"Follow the goose to Crex Meadows." That's what the signs say when you hit the stoplight in Grantsburg, WI. They came up with a clever idea to help make it work, using a large flying goose stencil and yellow highway paint to leave symbols on the roadway to follow. Mostly it works, except when it doesn't.
There are a couple small problems. Nobody apparently has repainted the geese for a few years, judging by how faded most of them are. And when you come to a corner where you need to turn, it would have been easy to angle the goose in the direction of your upcoming turn, rather than leaving them straight and you wondering just how you missed your trail when you fail to turn and there's no new goose.
So if you haven't been there yet, here's a little help. You start with the Grantsburg stoplight at the intersection of Hwy. 70 as it heads east-west between Miinnnesota (you can pick it up off I-35 south of Pine City) and, say, Siren, WI, and the northern point of Hwy. 87 as it heads up from St. Croix Falls. If you are shooting at it from somewhere up north in Wisconsin you're on your own: get a map or try to trust your GPS. Once at the stoplight, I like to hit the Subway for the only fast food chain in town. You'll be a while in Crex. There's also gas and restrooms there, if it's been that kind of drive.
Then head north down the hill a few blocks to the stop sign. Go left a block, right for several blocks past the city park and campground (great place to tent or RV) to the "T", right a block, then left/north again. In other words, you'd just be going straight north if the streets went that way, but you gotta detour a block for the bridge over the creek and back again. When you get to Co. D, turn right. Crex is northeast of you starting at that corner, a sign there announcing that fact. Looking past it reveals the information center.
You can watch videos there, peruse their museum of stuffed animals and birds, shop the store, interview the staff. Your choice. But by all means, use the facilities since there's only one more rustic building on the north end of the refuge. And get yourself a map: you will need it. Crex covers 30,000 acres and has a variety of roads running through it, turning often enough that even after going through it regularly for several years one can wind up with no sense of direction. There are both east and west Refuge Roads, different Dike roads, and plenty others to take you around and confuse you without that map.
But it is worth the effort.There is a central wildlife refuge where you are absolutely not allowed to set foot for any reason. You can, however, drive all around it, park in several overlooks, and photograph anything you can see from the edge of the road. The surrounding area has roads, paths, even a rest area where overnight stays are allowed after registering at the info center. Fall brings duck hunters, who are a major contributor to sponsoring the area for the rest of us, in conjunction with the WI DNR.
So why go there? It has a wolf pack, coyotes, deer, otters, and many other varieties of mammals just to start. Add 270 species of birds, particularly during migrations.

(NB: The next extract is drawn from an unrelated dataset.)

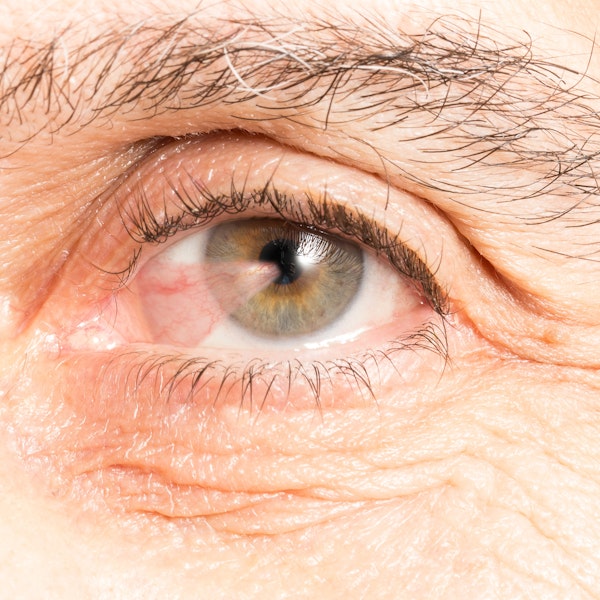 close-up of eye with a Pterygium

Throw in 86 butterfly species, 720 plant species, and a plethora of reptiles, amphibians, and insects.
You will of course never see more than a merest fraction of them in any given visit. But you will see plenty, given a little patience, a little more time, and keeping your eyes open. I have never failed to visit without seeing trumpeter swans, and it's primary claim to fame, sandhill cranes. (OK, I only visit during the warmer months.) Today, for example, I saw at least 46 trumpeter swan adults and over a dozen cygnets recently hatched, though the babies are harder to count, being carefully shepherded by their parents and often far enough from the roads that they only register as something extra with the adults.
I also managed to spy 4 sandhills, though none close nor still enough for a picture. Most of that is my own fault, as they are most visible early and late in the day, and I picked the middle to show up. This area is a major fall (Oct./Nov.) staging ground for the cranes before their southward migration, often holding between 10 and 20,000 birds during a period of a month or so. So many collect that a couple of years they were joined for a few weeks by young whooping cranes, presumably seeking company.
If you are an early morning person, during staging season you can park near one of their gathering sites and watch sunrise mass liftoffs. Otherwise, load the family in the car, head in with or just after supper, find your parking spot, and watch them land in twos or fives or twenties. Ditch those I-pods, turn off the radio, and just listen to their primordial cries as they arrive and dispute each slice of nighttime territory: shivers! I just recommend you have some familiarity with the place before all that. It could take you a couple hours to find your way out in the dark otherwise.
Today's drive through also netted several turtles, one doe, one loon, both yellow-headed and red-winged blackbirds, tree swallows, one hawk tentatively identified as a harrier but the glimpse was brief, canada geese, unidentified ducks plus one definite drake mallard, though I missed the white ibis the center's staff pointed me to on the map. There were numerous flowers including lupines, iris, paintbrush, nymphaea and white water lilies, an abundance of unidentified blooms in pink, yellow, white, purple, orange. Plenty of scenery caught my eye and my lens, varying from prairie to forest to marsh to lake or pond. If you are like me, you also enjoy the remnants of dead tree trunks left peppering the landscape.
Add the variety of seasons, daily or hourly changes in clouds and lighting, and it's a feast for eye or camera. Just follow the goose. Or whatever.